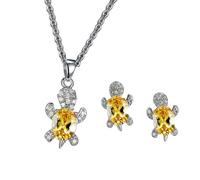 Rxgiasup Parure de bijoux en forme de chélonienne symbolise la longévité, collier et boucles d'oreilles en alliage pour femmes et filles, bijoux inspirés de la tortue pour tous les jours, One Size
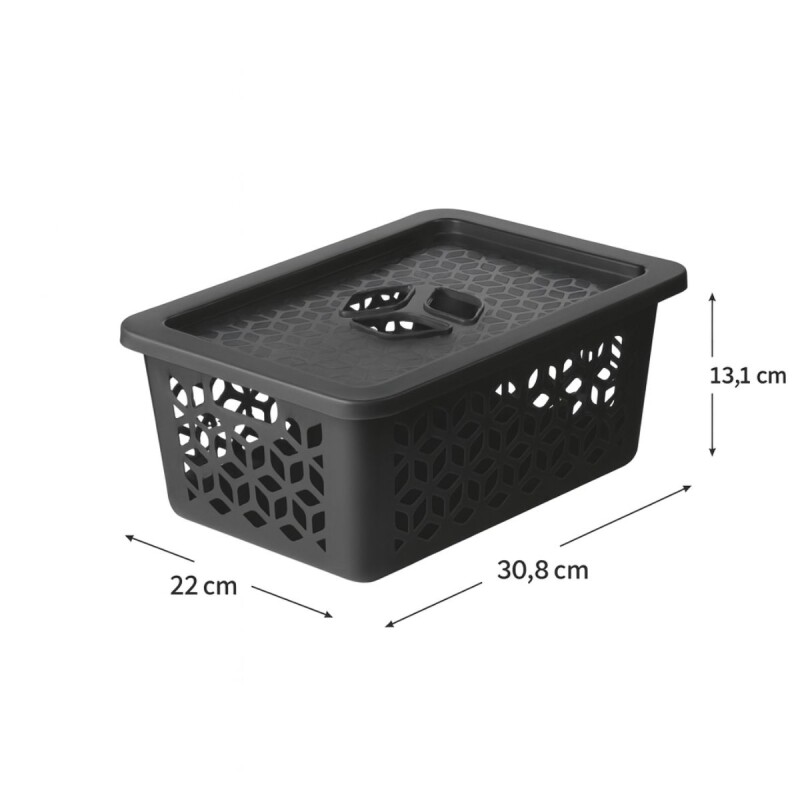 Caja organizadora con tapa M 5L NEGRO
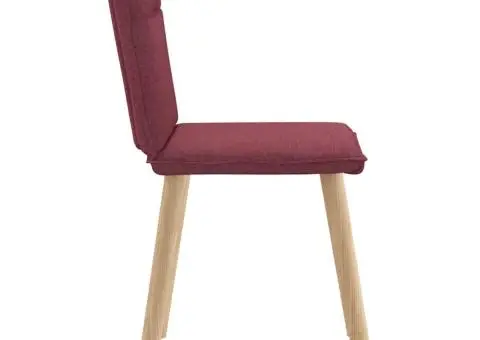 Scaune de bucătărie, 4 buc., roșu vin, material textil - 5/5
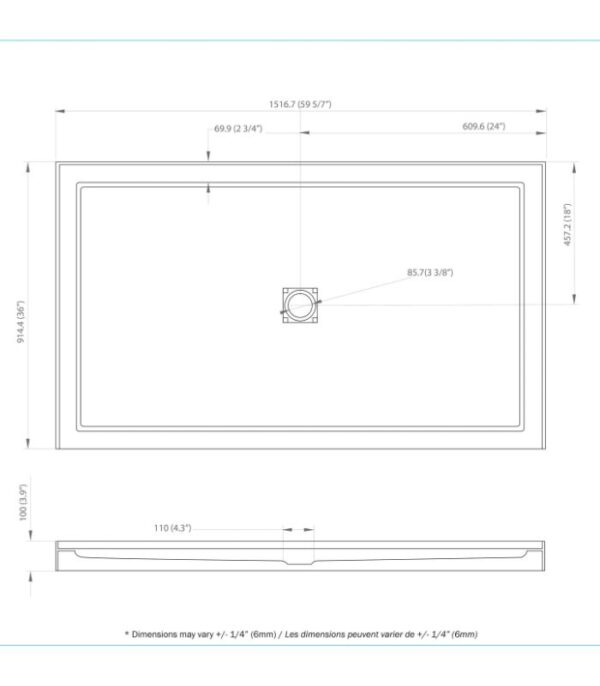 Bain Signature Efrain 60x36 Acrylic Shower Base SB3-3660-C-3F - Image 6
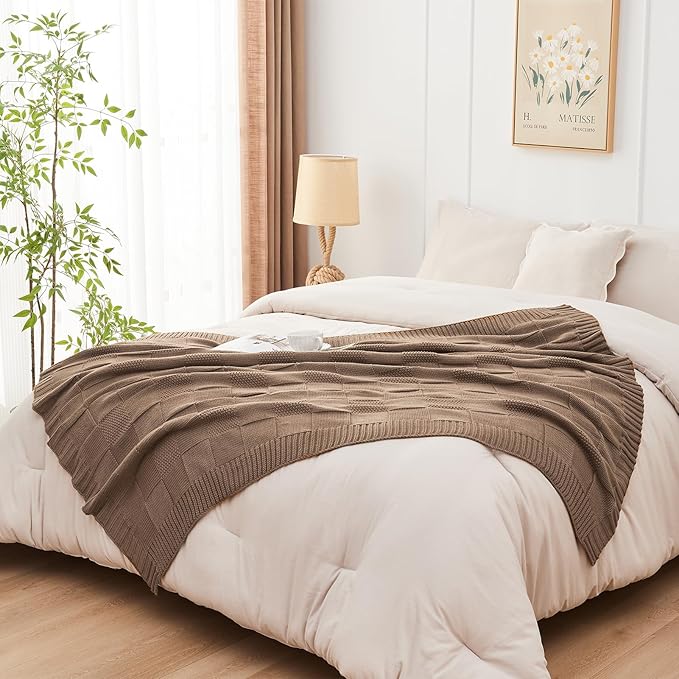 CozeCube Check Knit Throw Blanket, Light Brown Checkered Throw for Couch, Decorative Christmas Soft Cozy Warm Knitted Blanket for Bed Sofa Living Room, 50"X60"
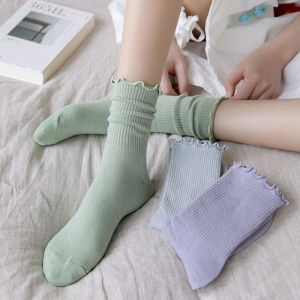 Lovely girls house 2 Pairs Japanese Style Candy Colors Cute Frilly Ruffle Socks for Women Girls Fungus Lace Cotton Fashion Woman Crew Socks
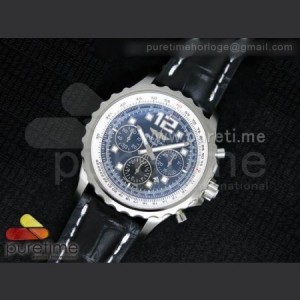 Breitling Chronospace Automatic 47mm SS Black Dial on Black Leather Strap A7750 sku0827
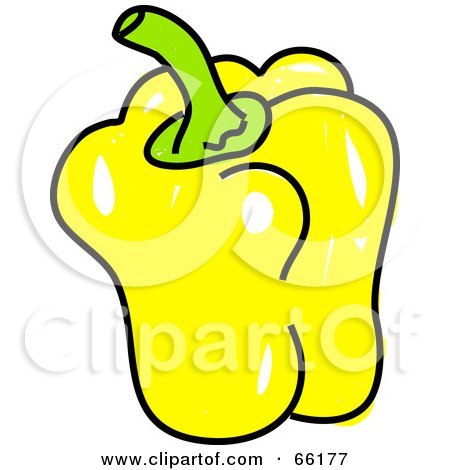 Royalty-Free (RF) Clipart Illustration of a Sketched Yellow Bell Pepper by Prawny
------------------------
Retype, word for word, only the lines from the line with "Lovely girls house" to the final line of the listing above; the pictures do not belong in the copy.

 Lovely girls house 2 Pairs Japanese Style Candy Colors Cute Frilly Ruffle Socks for Women Girls Fungus Lace Cotton Fashion Woman Crew Socks
 Breitling Chronospace Automatic 47mm SS Black Dial on Black Leather Strap A7750 sku0827
 Royalty-Free (RF) Clipart Illustration of a Sketched Yellow Bell Pepper by Prawny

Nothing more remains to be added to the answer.